In 1978, the U.S. Consumer Product Safety Commission banned the residential use of lead-based paint containing ≥0.06% lead (600 ppm).

In 2017, the U.S. Department of Housing and Urban Development estimated that approximately 35 percent of U.S. homes (37 million) still contain some lead-based paint, a decline from 1990 estimate of 64 million homes with lead paint.

== Policy ==
As per Section 1018 of the Act, sellers must comply with the following requirements before selling or leasing a house built before 1978, or a house that is known to contain lead:

- The buyer must receive a pamphlet that details information regarding lead paint and its potential hazards.
- If there is lead paint in the house, or if there is an apparent danger of lead poisoning from lead paint in the house, then that information must be disclosed to the buyer. If so, the seller is then required to provide to the buyer any previous documentation or reports on the condition of lead paint in the house.
- The buyer must be allowed ten days to request an evaluation of any lead paint in the house. This time limit may be altered upon agreement by both the buyer and seller.
- Every contract selling a house must include a Lead Warning Statement. The buyer is required to read the statement, and their signature on the contract is equivalent to an acknowledgment that they have read it, as well as an acknowledgment that (1) and (3) have been fulfilled.
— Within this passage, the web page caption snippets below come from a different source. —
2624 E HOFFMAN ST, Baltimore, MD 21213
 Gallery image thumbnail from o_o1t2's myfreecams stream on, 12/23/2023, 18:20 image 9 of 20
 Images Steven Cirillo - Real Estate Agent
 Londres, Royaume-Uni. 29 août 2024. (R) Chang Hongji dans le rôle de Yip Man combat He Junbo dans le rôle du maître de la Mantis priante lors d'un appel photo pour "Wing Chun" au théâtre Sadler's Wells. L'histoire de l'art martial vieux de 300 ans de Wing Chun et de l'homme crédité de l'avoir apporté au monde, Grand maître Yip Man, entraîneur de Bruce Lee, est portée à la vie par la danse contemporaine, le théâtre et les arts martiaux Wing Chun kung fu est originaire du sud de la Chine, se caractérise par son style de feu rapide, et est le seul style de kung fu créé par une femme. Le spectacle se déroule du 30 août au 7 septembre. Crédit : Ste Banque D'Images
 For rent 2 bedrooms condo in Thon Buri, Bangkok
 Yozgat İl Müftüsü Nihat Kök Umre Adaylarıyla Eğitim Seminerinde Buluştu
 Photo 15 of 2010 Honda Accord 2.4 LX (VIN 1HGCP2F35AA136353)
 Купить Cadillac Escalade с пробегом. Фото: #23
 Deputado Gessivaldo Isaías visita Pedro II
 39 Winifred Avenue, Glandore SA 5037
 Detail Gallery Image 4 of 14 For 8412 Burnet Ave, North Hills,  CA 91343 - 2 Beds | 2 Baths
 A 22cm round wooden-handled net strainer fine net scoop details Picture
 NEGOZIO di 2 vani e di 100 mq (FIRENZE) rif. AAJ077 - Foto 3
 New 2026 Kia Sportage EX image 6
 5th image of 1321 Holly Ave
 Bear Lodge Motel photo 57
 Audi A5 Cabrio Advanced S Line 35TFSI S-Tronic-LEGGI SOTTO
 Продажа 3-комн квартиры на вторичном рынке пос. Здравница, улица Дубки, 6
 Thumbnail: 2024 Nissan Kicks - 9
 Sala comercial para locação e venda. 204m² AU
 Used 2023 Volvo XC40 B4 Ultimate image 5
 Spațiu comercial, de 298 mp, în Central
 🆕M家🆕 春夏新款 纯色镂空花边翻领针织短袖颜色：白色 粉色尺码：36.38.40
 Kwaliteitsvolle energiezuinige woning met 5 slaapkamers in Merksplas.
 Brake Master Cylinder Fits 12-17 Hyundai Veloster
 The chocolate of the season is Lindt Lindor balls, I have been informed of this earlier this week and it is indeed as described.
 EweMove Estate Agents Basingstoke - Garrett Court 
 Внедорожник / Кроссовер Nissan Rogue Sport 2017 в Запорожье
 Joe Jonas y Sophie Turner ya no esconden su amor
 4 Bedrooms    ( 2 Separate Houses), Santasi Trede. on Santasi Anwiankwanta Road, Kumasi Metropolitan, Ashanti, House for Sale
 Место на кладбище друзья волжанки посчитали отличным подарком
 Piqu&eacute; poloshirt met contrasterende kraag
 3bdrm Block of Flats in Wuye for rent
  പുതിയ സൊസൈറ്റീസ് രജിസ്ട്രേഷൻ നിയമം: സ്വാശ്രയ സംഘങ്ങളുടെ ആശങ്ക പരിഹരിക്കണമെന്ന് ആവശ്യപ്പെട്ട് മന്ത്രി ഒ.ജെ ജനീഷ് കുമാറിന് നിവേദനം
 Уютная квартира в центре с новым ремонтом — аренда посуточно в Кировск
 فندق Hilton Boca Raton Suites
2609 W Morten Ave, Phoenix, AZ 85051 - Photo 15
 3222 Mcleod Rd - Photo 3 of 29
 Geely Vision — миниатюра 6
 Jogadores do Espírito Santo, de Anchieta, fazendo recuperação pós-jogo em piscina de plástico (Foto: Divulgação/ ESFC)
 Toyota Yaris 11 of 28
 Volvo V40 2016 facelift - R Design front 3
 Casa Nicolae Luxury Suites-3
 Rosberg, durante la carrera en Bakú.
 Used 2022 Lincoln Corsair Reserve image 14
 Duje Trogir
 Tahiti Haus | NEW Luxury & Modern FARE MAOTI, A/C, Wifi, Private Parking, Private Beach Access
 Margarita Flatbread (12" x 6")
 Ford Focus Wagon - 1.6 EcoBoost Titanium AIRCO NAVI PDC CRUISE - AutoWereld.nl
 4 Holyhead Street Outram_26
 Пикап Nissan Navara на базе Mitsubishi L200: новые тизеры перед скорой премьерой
Sellers who do not comply with the above criterion are subject to legal action, as well as fines for the breaking of rules and any damages experienced by buyers.

== Impact ==
The effects of the Residential Lead-Based Hazard Reduction Act are studied through observations of people's behavior when choosing a home. A study that analyzed the effectiveness of Section 1018 concluded the following:

- For every economic group, there were no major changes to the number of families in old versus new houses.
- When presented with information about lead paint, people were more likely to consider the risks of living in an old house. People were more likely to exhibit this behavior when the information was presented during transactions.
- People were more likely to have a house tested for lead before buying.
- Houses saw a decrease in incidents in which paint was found peeling or coming off the walls.
- Older homes were less likely to be owned by families with young children.